まず5月25日から、2020年のサマーカプセルコレクション“ディオリビエラ(DIORIVIERA)”のリゾート地での販売を始めた。25日からポルトフィーノとカプリ、6月4日からカンヌ、モナコ、サントロペ、マルベーリャ、15日からポルトチェルボにあるブティックで取り扱う。加えて、スイムウエアやパレオ、エスパドリーユ、デッキチェアなどの商品は、ギリシャ有数のリゾート地であるミコノス島のナムモスビレッジに6月12日にオープンするポップアップストアなどでも販売する。
マリア・グラツィア・キウリ(Maria Grazia Chiuli)=アーティスティック・ディレクターが今回のコレクションに取り入れたのは、“空想の旅行”を想起させるデザイン。トロピカル調に仕上げたメゾンのアイコンであるトワルドジュイや爽やかなマリンボーダーに加え、カプセルコレクション“ディオール アラウンド ザ ワールド(DIOR AROUND THE WORLD)”のカモフラージュや、ローマ出身のアーティストのピエトロ・ルッフォ(Pietro Ruffo)が手掛けたモチーフを用いている。
一方中国では、上海の西岸にある龍美術館で展覧会「クリスチャン・ディオール、夢のクチュリエ(Christian Dior: Designer of Dreams)」を7月28日から10月4日まで開催する。オリオール・カレン(Oriole Cullen)がキュレーターを務め、250を超えるオートクチュールドレスやルネ・グリュオー(René Gruau)とクリスティアン・ベラール(Christian Bérard)によるイラストを展示するほか、「ディオール」と中国の歴史的つながりを表す有名中国人アーティストの作品も並べる。

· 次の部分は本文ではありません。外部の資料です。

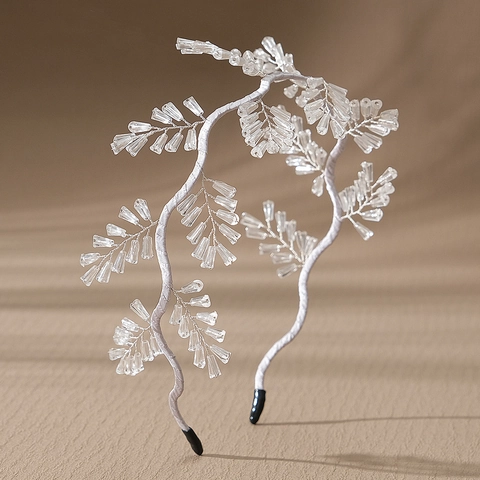 Cerchietto da Sposa con Perline di Cristallo Fatto a Mano Elegante Filo d'Argento Fiore Accessori per Capelli da Sposa per Donna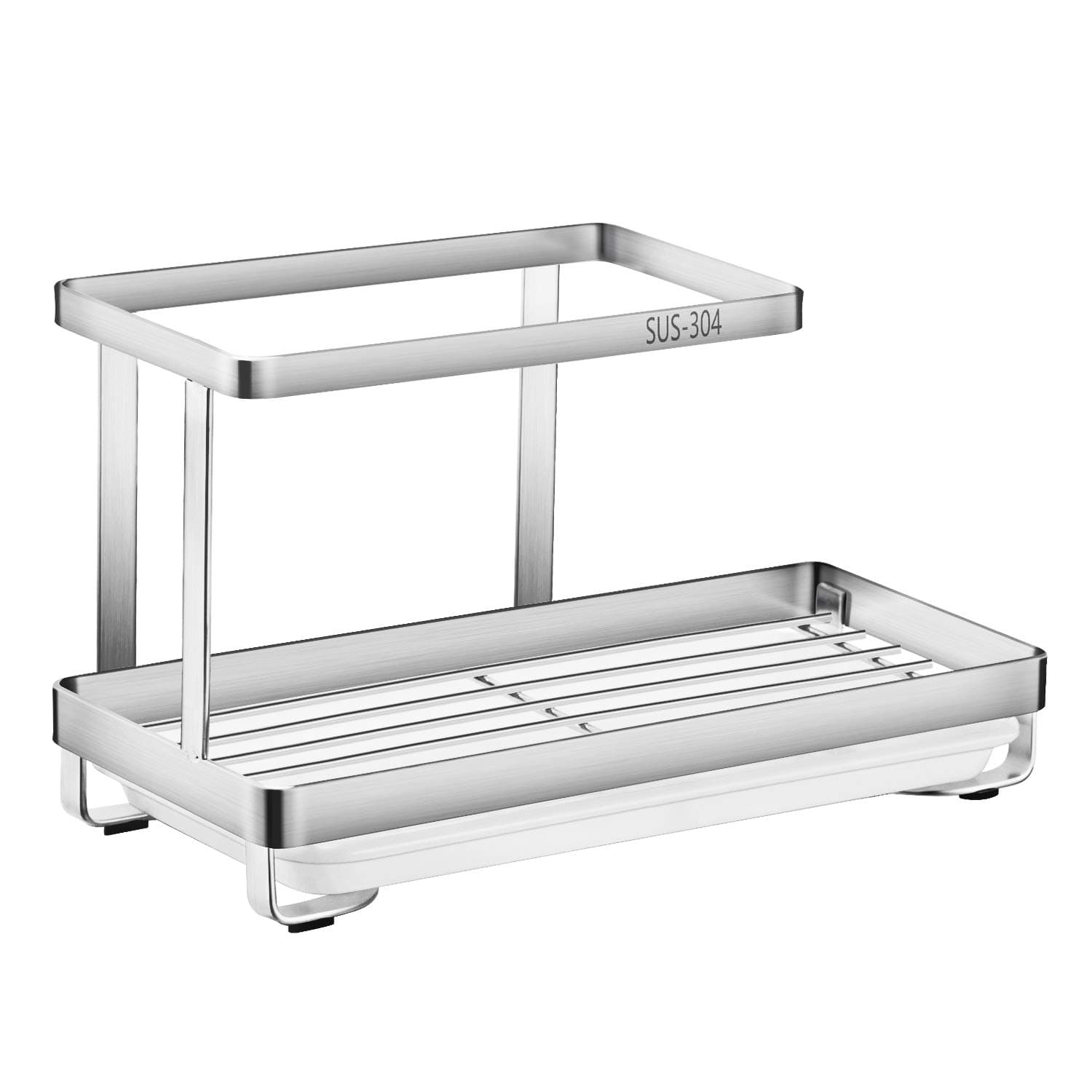 Kitchen Sink Caddy Organizer with Drain Pan Sponge Soap Brush Holder SUS304 Stainless Steel (Silver)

展覧会のベースとなるのは17〜18年にパリ装飾美術館(Musee des Arts Decoratifs)で開催された同名の回顧展で、「同美術館やロンドンのヴィクトリア&アルバート博物館(Victoria and Albert Museum)で来場者を魅了したこのユニークな回顧展は、数々の素晴らしい作品に焦点を当てた新鮮な空間演出とともに中国での新たなストーリーを描く」と同ブランド。7月24日にはオープニングイベントを開催する予定だが、新型コロナによる渡航制限を受け、ピエトロ・ベッカーリ(Pietro Beccari)最高経営責任者(CEO)やキウリ=アーティスティック・ディレクターが出席するかどうかは未定だ。